» Action item
Take the line that holds "Conjunto de vetores" and every line after it to the end of the entries, and repeat them exactly without the pictures.

» Crawled caption data
⁂

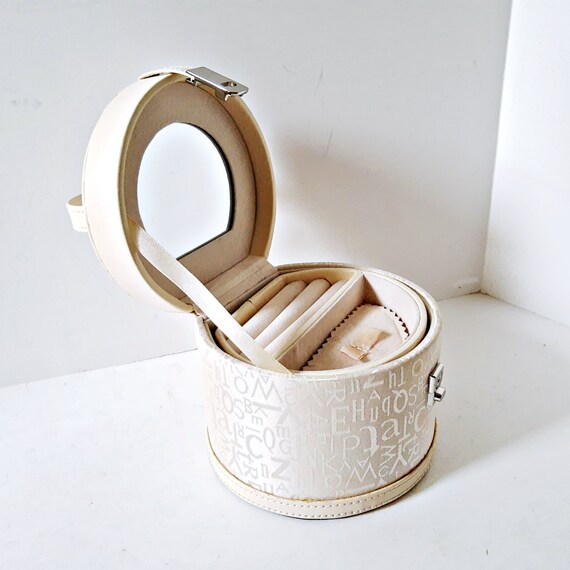 Jewelry Box Purse Faux Leather and Print Trinket Case Small Etsy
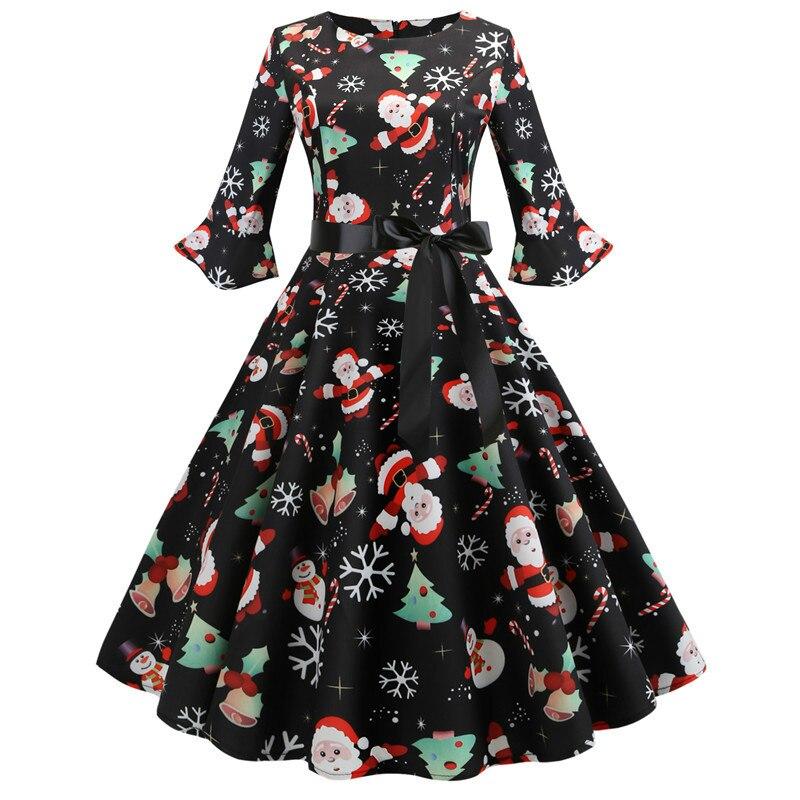 Vestido Vintage Invierno Navidad Negro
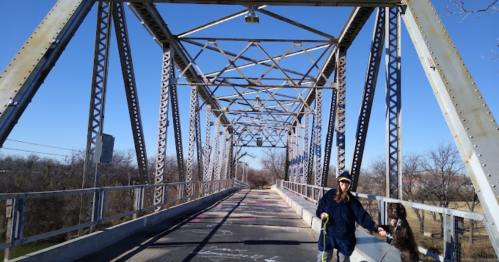 A person walks a dog on a metal bridge under a clear blue sky, with trees visible in the background.
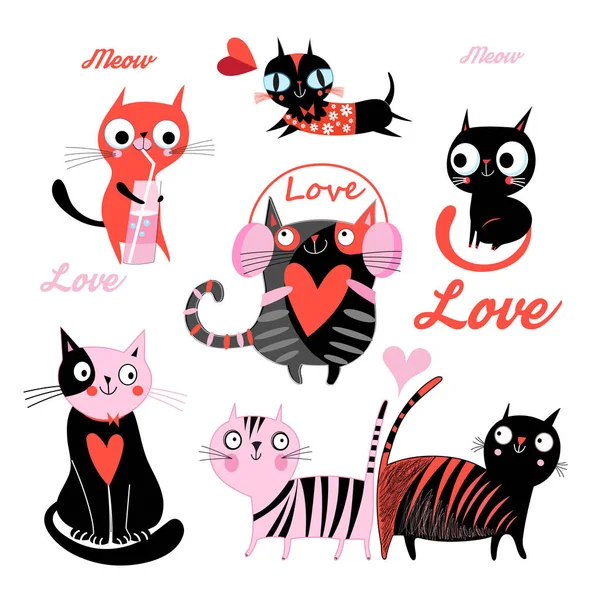 Conjunto de vetores de gatos amorosos engraçados —  Vetores de Stock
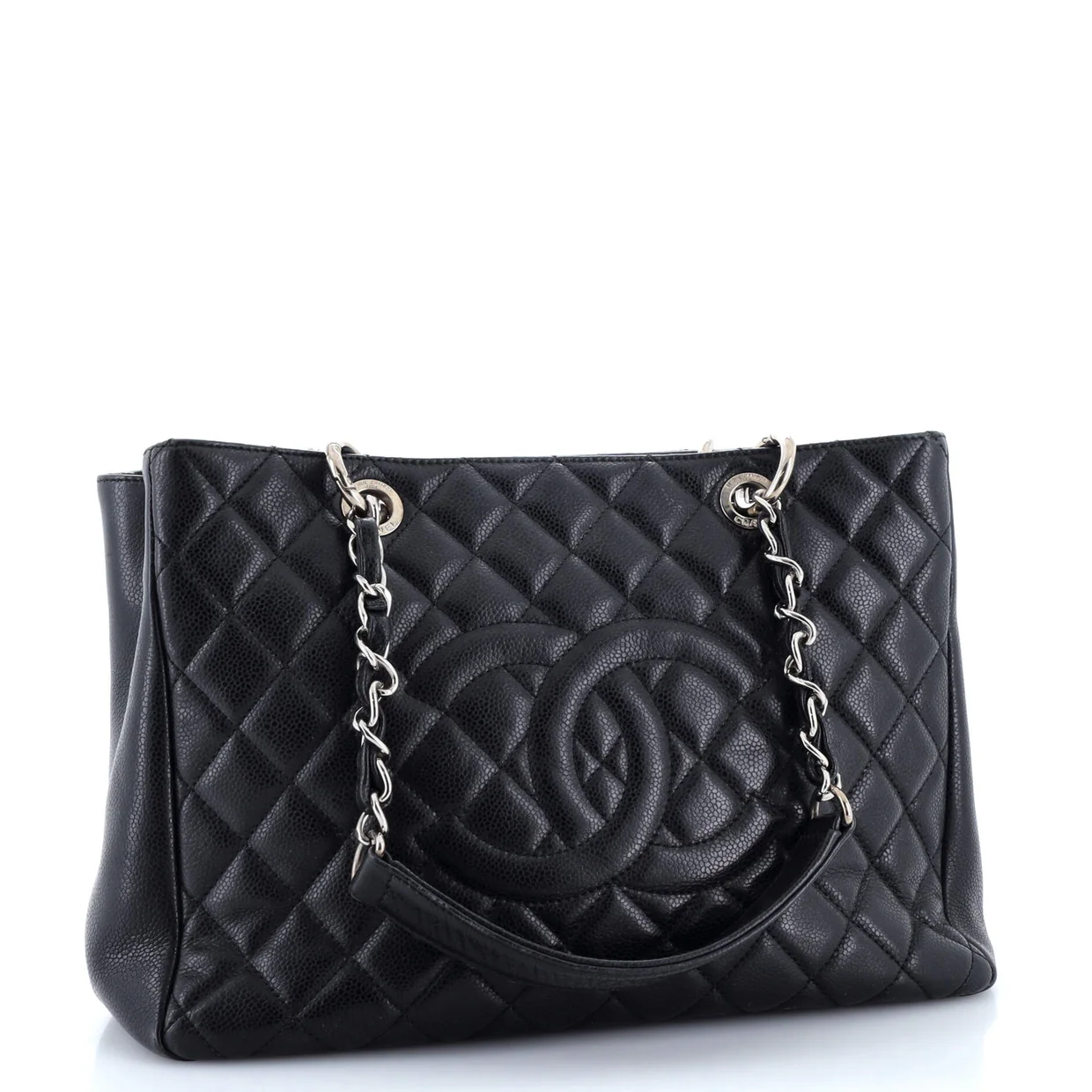 Grand Shopping Tote Quilted Caviar - Deep Luxury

⁂

» Output
 Conjunto de vetores de gatos amorosos engraçados —  Vetores de Stock
 Grand Shopping Tote Quilted Caviar - Deep Luxury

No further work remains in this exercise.